Babar and Father Christmas by Jean de Brunhoff

What a peculiar book this is. Most writers are content to stick to a few basic facts when turning in their Christmas themed manuscripts.

1. Father Christmas lives at the North Pole

2. The presents are made by elves

3. Magic reindeer pull them about in a big flying sleigh

These are the highly believable facts about Christmas, and we are happy with them. Not Jean de Brunhoff.

Babar and Father Christmas follows the dapper elephant king as he travels the world looking for the man in red. He wants to persuade him to add the land of the elephants to his Christmas Eve itinerary. But he’s a hard man to track down. Even France’s greatest scholars can only come up with a vague location, which turns out not to be Greenland, but somewhere near the Bohemain town of PRJMNESTWE.

 

Accompanied by a dog called Duck, who claims to have a good nose for sniffing out the mythical present giver, they are accosted by a band of snow flinging gnomes, who turn out to be Santa’s helpers. It is they, not the elves who run his underground lair (another great example of the Christmas cross-section). The Babar books come in for a lot of flak for their pro- Empire stance, this website offers an interesting reading of Father Christmas’s workhouse.

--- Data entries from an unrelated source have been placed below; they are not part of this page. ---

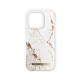 iDeal of Sweden Fashion Back Case для Apple iPhone 16 Pro Max - Carrara Gold - пластиковый чехол-накладка с встроенной металической пластиной / бампер-крышка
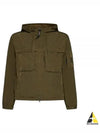 Chrome R Hooded Jacket Green - CP COMPANY - BALAAN 2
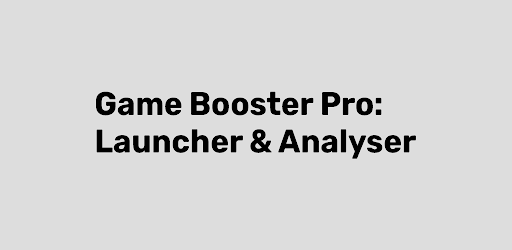 Game Booster Pro Launcher Mod APK v2.5.5.6 (Mod)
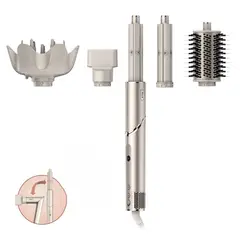 SHARK BEAUTY - Sistema De Secado Y Estilizado De Aire Shark Flexstyle HD435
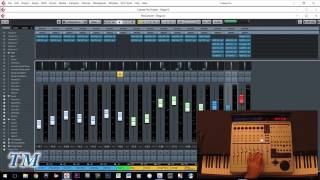 MackieMCU Cubase9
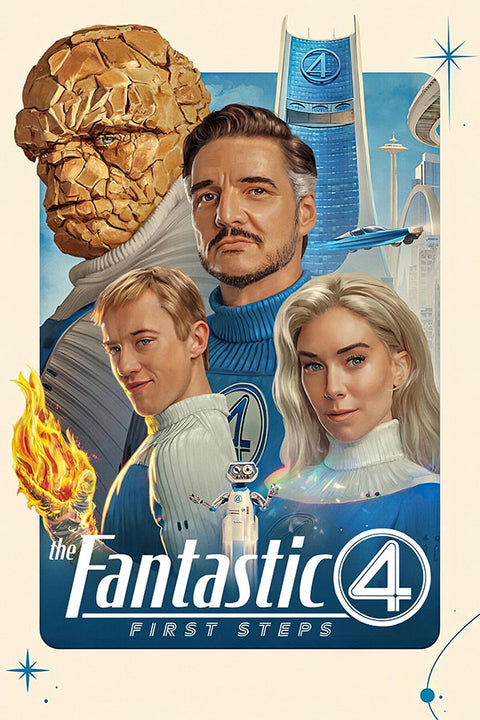 Poster Quarteto Fantastico - Fantastic Four - Filmes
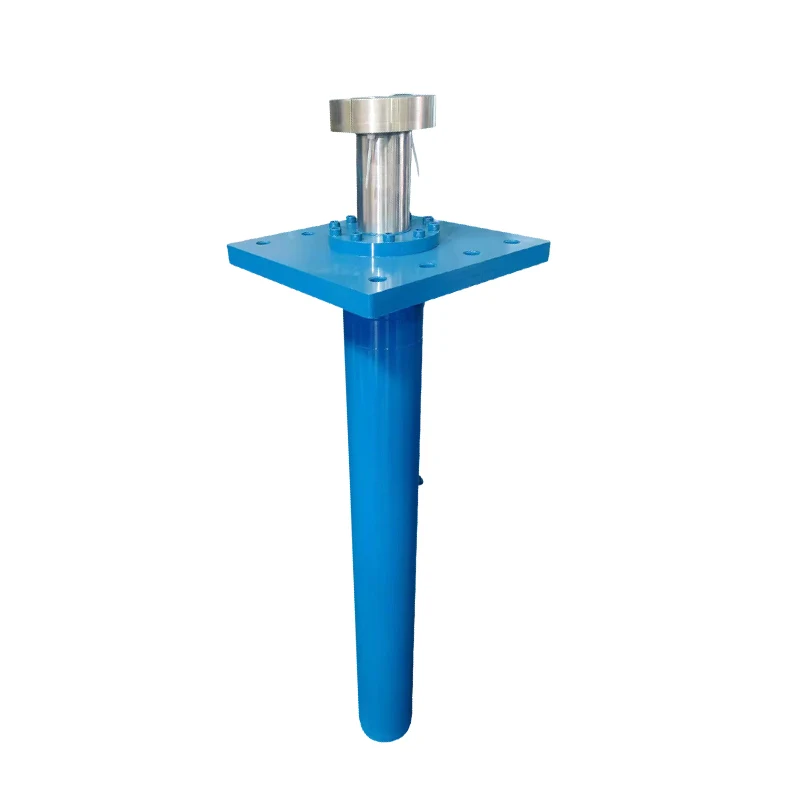 

Custom Circular Hydraulic Cylinder for Engineering Machinery Flange Cylinder, Hydraulic Pump Power Unit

‘Father Christmas’s house is an ideal representation of the industrial firm: symmetrical plan, division of labor, mechanization with the machine room and the pulley elevator system. The dwarfs -workers sleep in dormitories near the warehouse while the Father Christmas-Director lives in a luxury apartment overlooking the well organized and harmonious complex.’

After some persuasion Babar gets Father Christmas to accompany him back to the land of the elephants. How do they get there? In a clam shaped car carried by a flock of seagulls of course.

And so the old boy gets some quality R&R, riding zebras and snoozing in hammocks (‘as Dr. Capoulasse had advised him to do’), before heading back to PRJMNESTWE refreshed and ready to tackle another Christmas. Babar is left to run the elephant arm of Father Christmas’s empire, donning his own flying Santa suit and delivering presents from a magic sack (le sac magique), that is always full of toys.

Bonkers they may be, but I think prefer some of these oddball French innovations. I’m already saving up for a trip to snowy PRJMNESTWE.